Here is what a 240 foot long bed of lettuce looks like. The green Little Gems are in the foreground, halfway down the bed Amy planted the redleafed Brunia that was pictured in an earlier post. The end of the bed is filled with more Little Gems that were seeded a week later than the batch we have been following in this series of posts. Succession planting of lettuce will continue like this throughout the summer and fall. Along each row of lettuce is a piece of drip tape which is an irrigation device that precisely delivers water at a slow, even rate along its entire length. We use drip for all of our produce because it saves water, Earth’s most precious resource, and because it doesn’t feed water to the weed seeds waiting to germinate in every corner of the bed. Notice the empty bed to the left of the lettuce bed – it has been tilled and marked for planting. The bed marking provides a furrow for catching manually added fertilizer before seeding or transplanting as well as a guide for placing the seeds or transplants.
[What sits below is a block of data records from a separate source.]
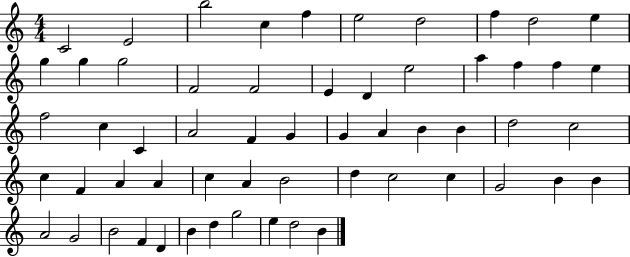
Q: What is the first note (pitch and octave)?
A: C4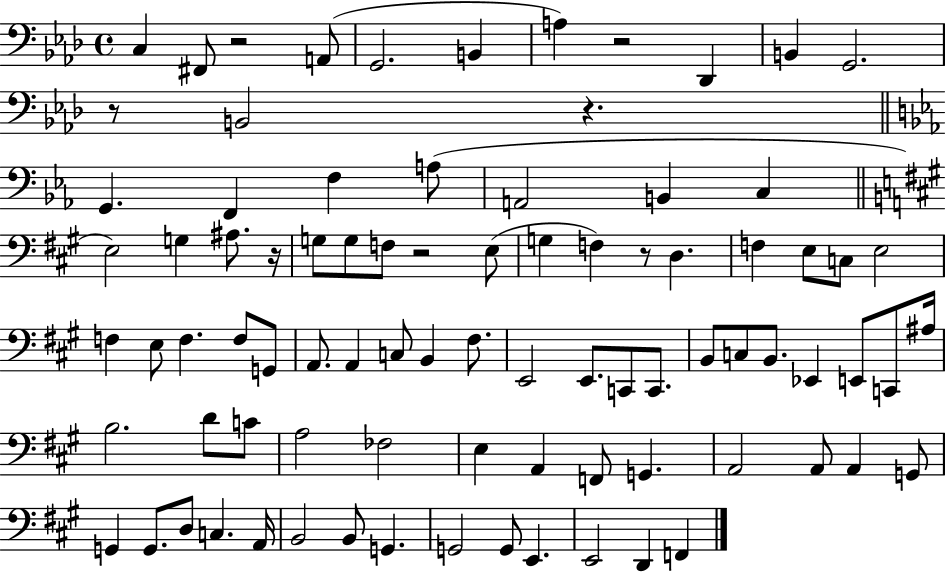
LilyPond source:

{
  \clef bass
  \time 4/4
  \defaultTimeSignature
  \key aes \major
  c4 fis,8 r2 a,8( | g,2. b,4 | a4) r2 des,4 | b,4 g,2. | \break r8 b,2 r4. | \bar "||" \break \key ees \major g,4. f,4 f4 a8( | a,2 b,4 c4 | \bar "||" \break \key a \major e2) g4 ais8. r16 | g8 g8 f8 r2 e8( | g4 f4) r8 d4. | f4 e8 c8 e2 | \break f4 e8 f4. f8 g,8 | a,8. a,4 c8 b,4 fis8. | e,2 e,8. c,8 c,8. | b,8 c8 b,8. ees,4 e,8 c,8 ais16 | \break b2. d'8 c'8 | a2 fes2 | e4 a,4 f,8 g,4. | a,2 a,8 a,4 g,8 | \break g,4 g,8. d8 c4. a,16 | b,2 b,8 g,4. | g,2 g,8 e,4. | e,2 d,4 f,4 | \break \bar "|."
}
Putting the plants in a particular location in every bed makes tractor cultivation much easier to do, allowing for a single set-up of cultivating tools to be properly adjusted to work for multiple beds. This is particularly important for crops like this lettuce with two rows in the same bed. Having the two rows indexed to each other – the same distance apart along the entire length of the bed – is critical to effective cultivation without trashing one row or the other of the crop with the cultivators.
Here is a sneak peek at our next batch of chickens which are different genetics from those we’ve been following so far. These birds are two weeks old and got moved to this range shelter on Sunday. They will be given access to the pasture on Monday.
May 7, 2012
Week 5 was a big week. The birds got moved onto the pasture in their newly built “chicken tractor” and the lettuce got moved out of the greenhouse to “harden off” in anticipation of being planted. The lettuce is actually overdue to be transplanted outside and is therefore not looking too good. Notice the yellow leaves. Continued wet weather has prevented us from working up the soil which would allow the lettuce, and a lot of other stuff, to get planted. The chickens have not been super happy with the continued cold/wet, either. Amy contacted the butcher to reschedule their slaughter date one week later – now the 4th of June.
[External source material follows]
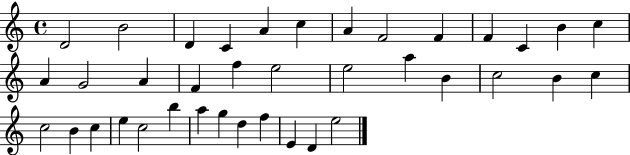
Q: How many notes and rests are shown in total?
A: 38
Sorry for the dark pic – as I mentioned it has been rainy lately. Notice the size difference between the bird in the center of the front line and the birds to the right and left. It seems that the dramatically different sizes are traceable to the hen who laid the eggs. Young hens, called pullets, lay small eggs which lead to small chicks. Old hens lay very large eggs which tend to make huge chicks. The problem is that these huge chicks from old hens grow at widely inconsistent rates. Probably we have a mix of chicks from new hens, old hens, and those in their prime. According to some friends who also raise meat birds, the size inconsistency lessens as the season progresses. Perhaps back at the hatchery the old birds are being culled and the pullets are maturing into hens.
Here’s the lettuce looking a little worse for wear. When compared to last week’s pic it appears that these plants haven’t gotten any bigger. They have maxed out their root space in their respective cell and won’t gain anymore size until their roots have some room to grow. The good news is that the weather has broken and these plants should be in the ground in time for the next weekly update!